We think the question here under consideration is ruled in this jurisdiction by the opinion and judgment in the case of Anderson v. Ax, 104 Fla. 294, 139 So. 798, in which we held:

"Where a plea attempts to set up as a defense to the action an independent contemporaneous parol agreement between the maker and the payee to the effect that the note should not be binding and enforceable against the defendant, the maker, and exempting him under certain conditions, from any liability on the note, while under other conditions, he was to remain liable thereon for some indefinite and unfixed sum, such pleas amount to nothing more than an attempt to contradict and vary the terms of the valid written instrument by averring the existence of the collateral contemporaneous parol agreement, evidence of which would be entirely inadmissible on trial. Such pleas must fall on demurrer."

And also by the opinion and judgment in the case of Forbes v. Fort Lauderdale Mercantile Co., 83 Fla. 66, 90 So. 821, and cases there cited. Also by opinion and judgment in the case of Rivers v. Brown, 62 Fla. 258, 56 So. 553. In the latter case we held:

"To an action upon a promissory note the terms of which constitute a plain, unconditional promise to pay to the plaintiff on a stipulated date a given sum of money for value received, a plea is bad, upon demurrer, that seeks to contradict, alter and vary the terms of the note so as to *Page 812 make the time of payment uncertain and dependent upon the sale of cross-ties by the defendant."

And it was also said:

"The plaintiff in error contends that the note sued upon was not delivered to the plaintiff as present contract, the defendant reserving unto himself the right to refuse to pay the note until the cross ties should be sold, and the claim is made that the defendant is not seeking to vary or contradict the terms of a written contract, but is asking for his rights based upon the conditional delivery of the note. It is a well settled principle of the law of evidence that proof of a contemporaneous parol agreement is inadmissible to contradict or vary the terms of a valid written instrument. On its face the first plea lays the foundation for the introduction of parol testimony to contradict the terms of the note sued upon and set out in extenso in the declaration. The note, by its terms, fixed the time of its maturity and the time when the holder might lawfully resort thereto for the collection of the amount due. The terms of the note constitute a plain, unconditional promise on a stipulated date, to pay to the plaintiff a given sum of money for value received. The plea, if sustained, would contradict, alter and vary the terms of this written contract so as to make the time of payment uncertain and dependent upon the sale and disposition of the cross ties by the defendant."

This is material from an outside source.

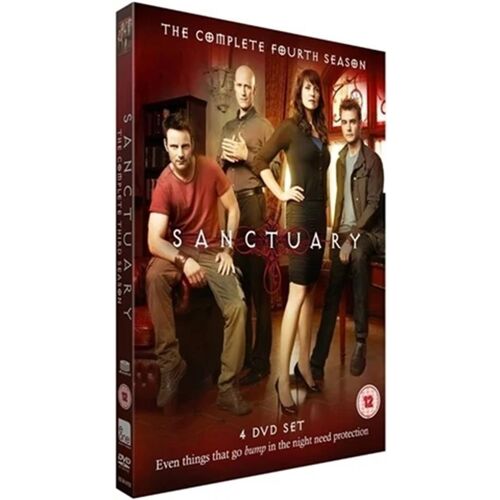 Sanctuary Saison 4 - Dvd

In support of that enunciation the court cited:

"Joyner v. Turner, 19 Ark. 690; Johnson v. Cobb, 100 Ga. 139, 38 S.E. Rep. 72; Dorsey v. Armor, 10 Colo. App. 255, 50 Pac. Re. 726; Ellis v. Hamilton, 4 Sneed (Tenn.) 512; Bookke v. Gulf Ice Co., 24 Fla. 550, 5 South. Rep. 247; Solary v. Stultz, 22 Fla. 263; Perry v. Biglow, 128 Mass. 129; Hall v. First Nat. Bank,173 Mass. 76, 53 N.E. Rep. 154, 73 Am. St. Rep. 255; Wilson v. Wilson, 26 Oregon 251, *Page 813 38 Pac. Rep. 185; Bank v. Whitlow, 6 Ala. 135; Central Savings Bank v. O'Connor, 139 Mich. 82, 102 N.W. Rep. 280; Mallory v. Fitzgarland's estate, 69 Neb. 312, 95 N.W. Rep. 601; Davis v. Randall, 115 Mass. 547, 15 Am. Rep. 146."

I think demurrer to the pleas should have been sustained and, therefore, the judgment should be reversed and the cause remanded to the court below with directions that it be reinstated on the rolls and an order entered sustaining demurrer to pleas numbered 2 and 3 and that, thereupon, further proceedings be had.